The next snacks turn it up a notch with a hogget kofta on a skewer, sidling up to sheep’s milk labneh; and smoked beetroot dip (kibbeh nayeh), topped with bresola made in-house. The take on the usually raw meat of the kibbeh nayeh with beetroot is tremendous, sourdough smacked with butter providing the perfect vessel to assemble the flavoursome combination. The hogget (yearling sheep) has some expected chewiness, but not in a challenging way, and the labneh dip softens the fattiness nicely.

As we wound our way through some of the wines by the glass I realised there was an apparent common theme. From our sampling it struck me that the wines must have minimal intervention in the winemaking, and perhaps are organically harvested. These are not orange wines per se, but certainly had similar characteristics. It wasn’t mentioned by the sommelier so is not something that is pushed as a theme, but given the mission of the kitchen it makes sense.

My main assessment is perhaps my palate could mature, but I did feel there were some winemaking techniques that could have improved these still delicious wines by the glass. Out of the wines between us, the Terra Vita Vinum Chenin Blanc from Anjou in France, and the Domenica Gamay from Beechworth, were favourites.
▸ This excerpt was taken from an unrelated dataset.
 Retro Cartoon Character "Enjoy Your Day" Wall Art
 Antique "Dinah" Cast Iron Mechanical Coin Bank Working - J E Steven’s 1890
Back to the food, and there was a bit of a wait until the entree, but we were enjoying each other’s company, and the atmosphere in the room, with most tables venturing into the farm between their main and dessert. The “spent hen” with delightful spring peas and broad beans, pickled kohlrabi, and egg yolk, was worth the wait. In particular the chicken jus brought the elements together with a salty accent. There’s a lot to it, but the thought of Sunday roast chicken and gravy was hard to escape. The reference to “spent” is the fact that these previously commercial egg-laying chickens are “reclaimed” which might be a nice way to say they would otherwise be…

While we tried, there was no putting our finger on the personality of the floorstaff. While there was a range of experience shown, and different mannerisms and rhythms; in a small dining room they worked well together, and presented as people with a real interest in what the restaurant is doing. Rarely through the meal was a question not answered in some detail, and given the nature of the restaurant, there were so many points of interest I don’t think I stopped asking questions throughout service!

The food had been superb, and the Black Angus main provided yet another powerful showing. Both the rare cut, and the slower cooked osso bucco (with thickish garlic skordalia), were perfectly executed. My weakness for roasted carrots came in confit style with poppy, burnt honey, and buttermilk, and our other side of Sugar Loaf cabbage with puntarella (bitter Catalonian chicory), mint and heaps of pine nuts, was one of those sides that all of a sudden have vanished from the plate. All together it felt like a feast, giving off a very Annie Smithers vibe.

After our walk around the native and vegetable garden, we sat for our strongly flavoured coriander and celery refresher, that had a lift from the spice, and a certain addictive quality. Next we braced ourselves for a more balanced dessert, but were pleasantly surprised when the “Yesterday’s bread” turned out to be a fascinating take on bread and butter pudding, that shone from both a presentation, and flavour perspective. The toffee coating on the pudding, the use of lemon in several elements, and the creme fraiche providing a heavenly dessert.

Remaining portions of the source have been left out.